Et en matière d’entretien ?Une fois les aménagements réalisés, reste l’entretien, tout aussi important. Entretenir tous les espaces verts de la même manière serait comparable à mettre tout le linge sale dans la machine à laver à la même température… Pourtant, si certaines zones demandent d’être entretenues de manière intensive (entrée de zone, par exemple), d’autres nécessitent moins d’entretien et peuvent être laissées aux bons soins de la nature, en partie du moins. Cette réflexion doit donc commencer par un inventaire des espaces à entretenir et une forme de hiérarchisation dans l’intensité d’entretien. D’un point de vue économique, une prairie fauchée une fois par an coûte bien entendu moins cher qu’une pelouse rase tondue 15 fois par an.
Qui fait quoi ?L’aménagement des parcs d’activité économique revient aux intercommunales de développement économique. Celles-ci ont en effet pour rôle d’aménager les terrains, les voiries et leurs abords et de vendre les terrains aux entreprises. Une fois ces terrains vendus, les voiries et leurs abords sont rétrocédés à la commune qui en assure l’entretien. Bien entendu, la gestion des espaces verts concerne tant l’aménagement que l’entretien. Intercommunales et communes sont donc impliquées tout au long du proccessus.

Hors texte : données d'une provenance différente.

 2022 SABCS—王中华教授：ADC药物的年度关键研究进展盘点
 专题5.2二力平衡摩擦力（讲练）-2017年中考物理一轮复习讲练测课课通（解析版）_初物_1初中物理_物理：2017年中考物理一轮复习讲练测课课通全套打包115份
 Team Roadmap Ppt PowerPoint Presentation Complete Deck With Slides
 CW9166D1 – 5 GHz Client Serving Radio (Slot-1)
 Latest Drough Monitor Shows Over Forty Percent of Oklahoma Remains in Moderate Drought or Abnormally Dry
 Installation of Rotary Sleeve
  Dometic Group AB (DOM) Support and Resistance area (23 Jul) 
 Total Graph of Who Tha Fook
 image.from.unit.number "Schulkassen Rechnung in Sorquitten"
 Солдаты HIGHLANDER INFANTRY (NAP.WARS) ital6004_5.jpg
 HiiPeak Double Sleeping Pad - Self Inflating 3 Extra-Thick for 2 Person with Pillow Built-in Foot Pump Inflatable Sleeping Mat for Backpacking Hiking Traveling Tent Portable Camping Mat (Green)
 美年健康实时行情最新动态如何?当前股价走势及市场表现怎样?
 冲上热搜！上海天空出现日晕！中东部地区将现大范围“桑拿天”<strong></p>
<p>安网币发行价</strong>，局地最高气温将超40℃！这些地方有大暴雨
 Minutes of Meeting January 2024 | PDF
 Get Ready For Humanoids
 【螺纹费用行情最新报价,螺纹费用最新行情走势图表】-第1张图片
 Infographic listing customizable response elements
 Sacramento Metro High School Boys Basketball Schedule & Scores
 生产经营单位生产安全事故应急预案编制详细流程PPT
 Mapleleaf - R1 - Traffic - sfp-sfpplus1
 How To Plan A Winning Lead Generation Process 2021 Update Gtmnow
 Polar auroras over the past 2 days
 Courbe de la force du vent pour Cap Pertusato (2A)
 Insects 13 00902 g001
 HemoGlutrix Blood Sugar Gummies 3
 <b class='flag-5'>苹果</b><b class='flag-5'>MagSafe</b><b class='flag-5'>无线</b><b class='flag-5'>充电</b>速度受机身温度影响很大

Les espaces privés ne sont pas à négliger. Les entreprises sont encouragées lors de l’achat de leur terrain à aménager celui-ci de manière qualitative. Certaines intercommunales ont développé des outils (cahier des charges, ...) afin d’assurer la cohérence des aménagements dans l’ensemble du PAE.
Ces quelques exemples montrent que la nature a tout intérêt à voir les associations d’entreprises, les aménageurs de zones et les communes travailler main dans la main dans le cadre de l’aménagement des espaces verts des parcs d’activités économiques.
[1] « Nature et entreprises : mode d’emploi » Brochure technique de la Région Wallonne, 2002 [2] Le Projet Life – SMIGIN (Sustainable Management by Interactive Governance and Industrial Networking) bénéficie d’un financement du Programme Life de la Commission Européenne, et des subventions que l’Union Wallonne des Entreprises reçoit de la Région wallonne pour ses missions de sensibilisation à la prévention des pollutions, à l’utilisation rationnelle de l’énergie et à l’aménagement du territoire. Il est géré par l’Union Wallonne des Entreprises et est mené en partenariat avec la Chambre de Commerce et d’Industrie du Valenciennois.